Though this is a tricky and multi-step problem hence you can’t plug in the answer choices to solve it.

 

Let’s start with finding all the information as the question has given you only a part of it. Firstly, you need to know the following formula

r=d/t

(rate = distance/time)

 

We will use it both ways.

Now using this formula, let’s look at the first leg of her trip. As she traveled for 1/3 of an hour at 21 mph, so she must have traveled 7 miles.

21*0.333=7

Now using the above info, we can find out the rate of her trip back home. Going 7 miles in 1/4 of an hour on the way home, therefore she went an average of 28 mph.

7/0.25=28

Now we will find the total average. It’s not an average of the two numbers as the miles she traveled on the way are more time than to reach home. They have different weights.

✗ {21+28}/2=24.5

Don’t work like the above equation.
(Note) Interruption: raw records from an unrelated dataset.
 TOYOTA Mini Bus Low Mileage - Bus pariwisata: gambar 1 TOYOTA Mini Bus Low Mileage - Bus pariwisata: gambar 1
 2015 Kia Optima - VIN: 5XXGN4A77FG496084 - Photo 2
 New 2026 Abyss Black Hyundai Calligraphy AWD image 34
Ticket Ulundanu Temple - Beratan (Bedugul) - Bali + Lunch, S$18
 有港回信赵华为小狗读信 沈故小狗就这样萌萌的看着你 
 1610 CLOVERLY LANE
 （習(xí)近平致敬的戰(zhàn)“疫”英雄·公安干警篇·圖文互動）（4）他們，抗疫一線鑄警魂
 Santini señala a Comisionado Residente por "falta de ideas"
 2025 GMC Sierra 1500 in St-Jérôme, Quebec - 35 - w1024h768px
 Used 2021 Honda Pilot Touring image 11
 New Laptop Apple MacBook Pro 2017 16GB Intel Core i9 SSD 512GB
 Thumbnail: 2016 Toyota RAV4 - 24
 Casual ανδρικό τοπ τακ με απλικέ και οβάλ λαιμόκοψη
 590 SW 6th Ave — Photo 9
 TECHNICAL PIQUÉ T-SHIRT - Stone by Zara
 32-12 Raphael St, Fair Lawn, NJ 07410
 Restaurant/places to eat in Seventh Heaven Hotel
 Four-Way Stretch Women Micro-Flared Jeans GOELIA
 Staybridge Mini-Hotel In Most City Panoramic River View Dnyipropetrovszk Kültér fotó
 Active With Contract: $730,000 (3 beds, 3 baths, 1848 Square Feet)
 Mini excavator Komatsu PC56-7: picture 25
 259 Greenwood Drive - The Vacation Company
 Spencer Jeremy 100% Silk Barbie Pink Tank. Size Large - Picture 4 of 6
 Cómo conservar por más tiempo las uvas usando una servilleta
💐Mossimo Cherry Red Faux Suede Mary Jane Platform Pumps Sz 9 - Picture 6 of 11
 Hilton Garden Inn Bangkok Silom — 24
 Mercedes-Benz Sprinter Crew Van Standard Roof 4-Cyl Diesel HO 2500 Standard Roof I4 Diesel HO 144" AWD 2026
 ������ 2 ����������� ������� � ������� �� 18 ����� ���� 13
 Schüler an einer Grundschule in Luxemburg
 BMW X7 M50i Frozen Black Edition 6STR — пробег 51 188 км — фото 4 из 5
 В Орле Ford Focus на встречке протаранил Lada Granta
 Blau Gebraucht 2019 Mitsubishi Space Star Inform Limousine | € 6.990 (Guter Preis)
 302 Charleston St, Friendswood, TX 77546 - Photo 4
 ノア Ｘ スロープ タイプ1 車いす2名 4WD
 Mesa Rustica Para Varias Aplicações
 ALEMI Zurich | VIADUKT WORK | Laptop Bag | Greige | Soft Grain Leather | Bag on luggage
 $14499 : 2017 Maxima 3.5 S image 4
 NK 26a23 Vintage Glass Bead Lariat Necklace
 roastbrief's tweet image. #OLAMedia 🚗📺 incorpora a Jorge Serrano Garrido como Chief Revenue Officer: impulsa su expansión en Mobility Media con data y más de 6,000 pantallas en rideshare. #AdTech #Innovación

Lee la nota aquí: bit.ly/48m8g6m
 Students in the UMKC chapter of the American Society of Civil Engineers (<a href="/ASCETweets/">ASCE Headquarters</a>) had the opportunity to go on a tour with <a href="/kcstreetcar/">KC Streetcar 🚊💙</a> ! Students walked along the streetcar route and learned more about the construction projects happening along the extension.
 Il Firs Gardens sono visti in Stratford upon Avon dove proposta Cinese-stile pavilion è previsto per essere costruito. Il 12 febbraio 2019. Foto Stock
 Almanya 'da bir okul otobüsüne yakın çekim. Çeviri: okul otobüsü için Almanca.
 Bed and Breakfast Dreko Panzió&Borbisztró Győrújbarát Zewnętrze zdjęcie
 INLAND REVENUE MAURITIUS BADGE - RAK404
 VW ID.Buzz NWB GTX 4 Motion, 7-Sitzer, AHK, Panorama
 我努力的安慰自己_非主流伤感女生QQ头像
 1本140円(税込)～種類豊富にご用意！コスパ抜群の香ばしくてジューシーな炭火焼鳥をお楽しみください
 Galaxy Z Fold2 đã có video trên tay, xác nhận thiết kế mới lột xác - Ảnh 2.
The correct way is to take the total of each piece i.e. total time and total distance and then find the total average rate.

✓ {14 miles}/ {.333 hours + .25 hours} = {14 miles}/ {.5833 hours} = {24 mph}

Moreover, you will probably not see a question on SAT that will ask you to find an average based on percent weights. Let’s say, finding a final grade in a class where tests count for 60%, attendance 15% and class participation 25%. As finding an average in such situation is difficult so you don’t need to worry about it.

If you are required to figure out the average of two sets of information that already are averages as a number of fleas per cat and number of fleas per dog, you can’t simply take the mean of those averages. You need to find the totals and plug them into the formula.